►

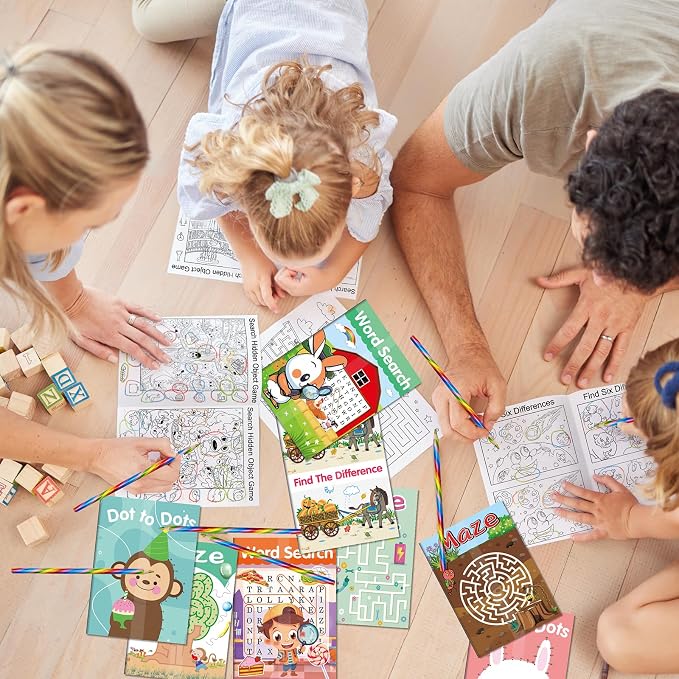 Elfew 20 Pack Activity Books Party Favors Set for Kids Ages 4-8 8-12 | 20 Colored Pencils & Gift Bags, Bulk Small Puzzles Books for Birthday Gift, Classroom Rewards, Party Goodie Bags Stuffers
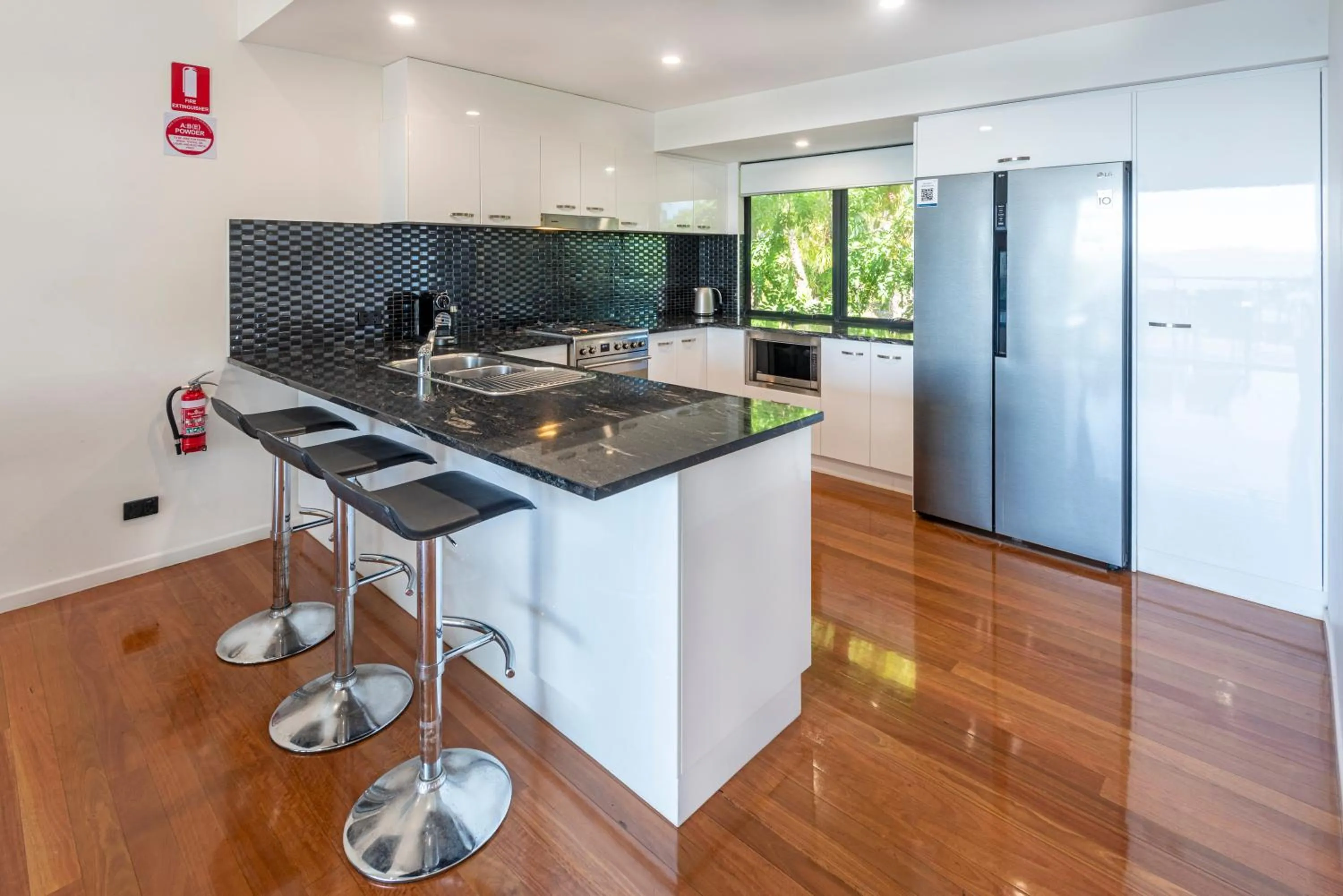 Kitchen or kitchenette in Pinnacle Apartments on Hamilton Island by HIHA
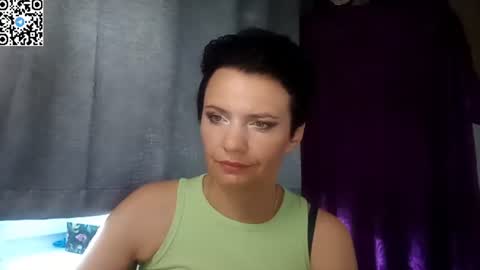 Snapshot of hotmamaqueen234 chatting on June 2026 12:26:02 PM hotmamaqueen234 online show from June 2026 12:26:02 PM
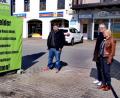 Bild: Thomas Dobler
Unternehmer Wolfgang Meier, Apotheker Thomas Wittleben und seine Frau Gabi, eine Markträtin (von links), vor Meiers großem Transparent auf dem Parkplatz der Ladenzeile. Ihr gemeinsamer Appell: Sich jetzt nicht online eindecken, sondern warten, bis die Einzelhändler, Handwerker und regionalen Geschäfte wieder öffnen. "Helft ihnen danach, durch Eure Einkäufe diese Krise zu bewältigen!"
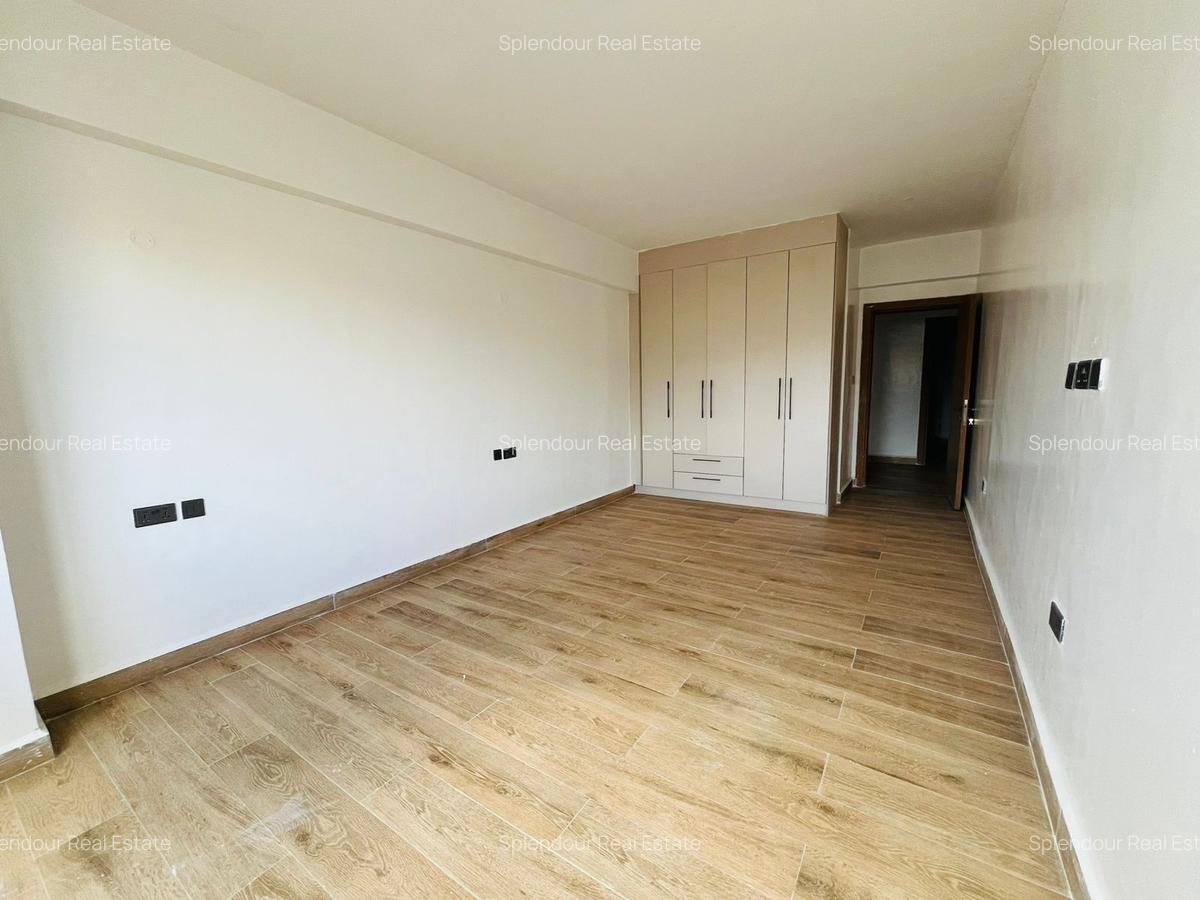 5 Bed Apartment with En Suite at 3Rd Parklands - 15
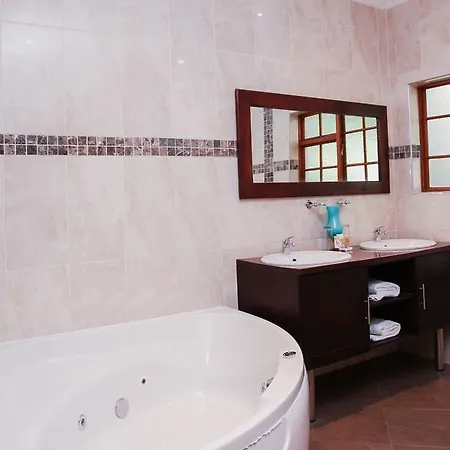 Queen Manor Boutique Guest House Graaff Reinet Exterior photo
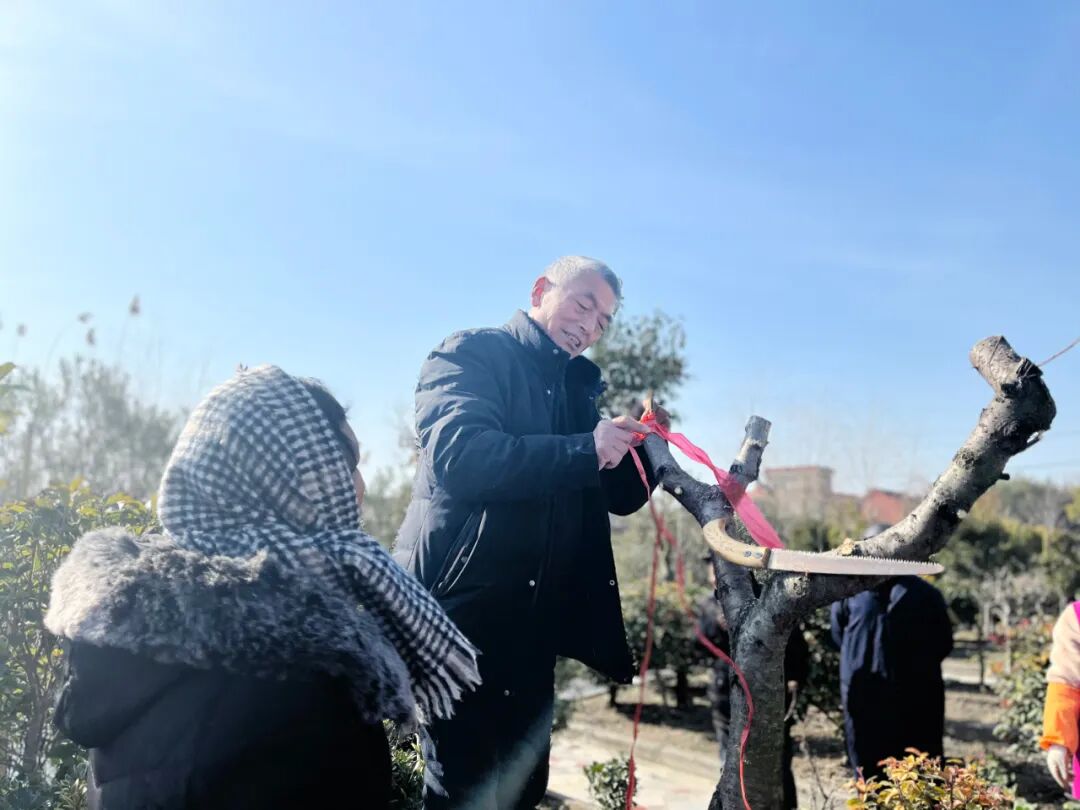 【堰上最美】陈庆祥：“老把式”技助“新农人”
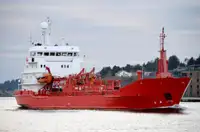 Oil/Chemical tanker விற்பனைக்கு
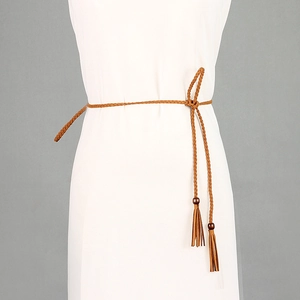 Chaîne de taille tressée marron avec perles en bois sur robe blanche style bohème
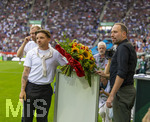30.08.2026, Fussball Bundesliga 2026/2027, 1.Spieltag, FC Augsburg - FC Schalke 04, in der WWK-Arena Augsburg,  Verabschiedung eines FCA Spielers, Mads Pedersen (2.v.li) wechselt ab sofort zum Hertha BSC Berlin. re: Geschäftsführer Michael Ströll (FC Augsburg), li: Sportdirektor Benni Weber (FC Augsburg) 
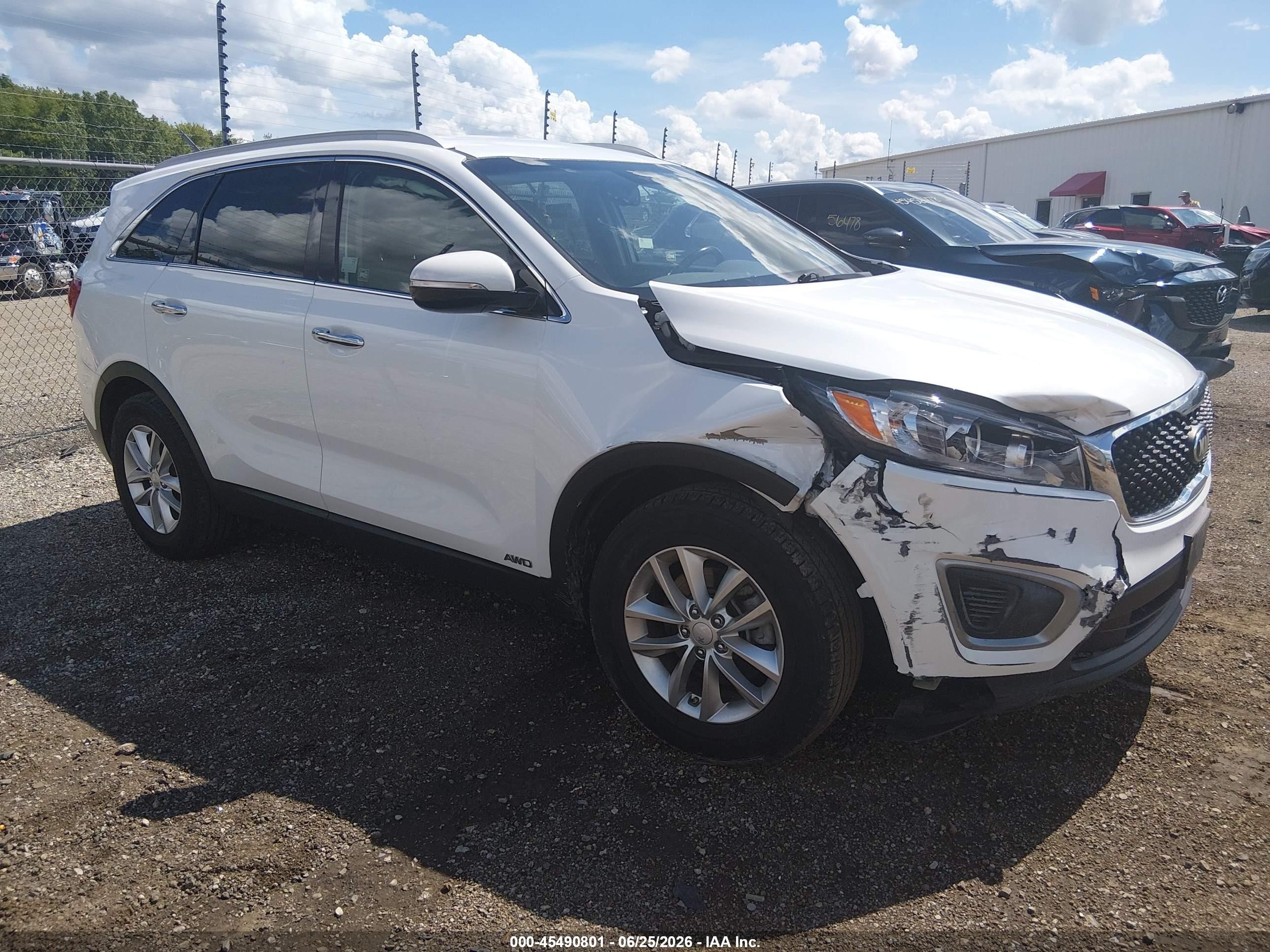 2016 Kia Sorento LX, VIN 5XYPGDA37GG098653 — Front end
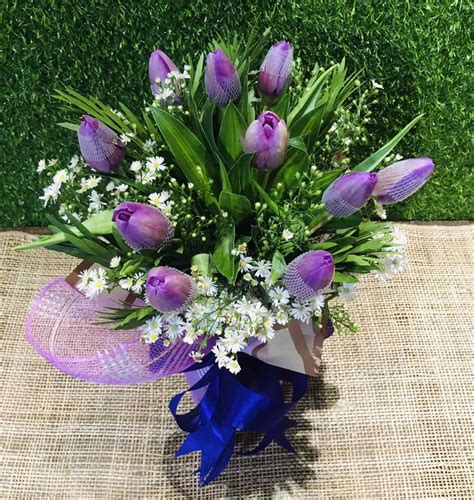 Buy 10 Pieces Lavender Tulips Bouquet To Philippines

◄

- Task
In the data above, find the line containing "Bild: Thomas Dobler" and the line containing "5 Bed Apartment". Repeat those two lines and everything between them exactly, minus the pictures.

- Output
 Bild: Thomas Dobler
Unternehmer Wolfgang Meier, Apotheker Thomas Wittleben und seine Frau Gabi, eine Markträtin (von links), vor Meiers großem Transparent auf dem Parkplatz der Ladenzeile. Ihr gemeinsamer Appell: Sich jetzt nicht online eindecken, sondern warten, bis die Einzelhändler, Handwerker und regionalen Geschäfte wieder öffnen. "Helft ihnen danach, durch Eure Einkäufe diese Krise zu bewältigen!"
 5 Bed Apartment with En Suite at 3Rd Parklands - 15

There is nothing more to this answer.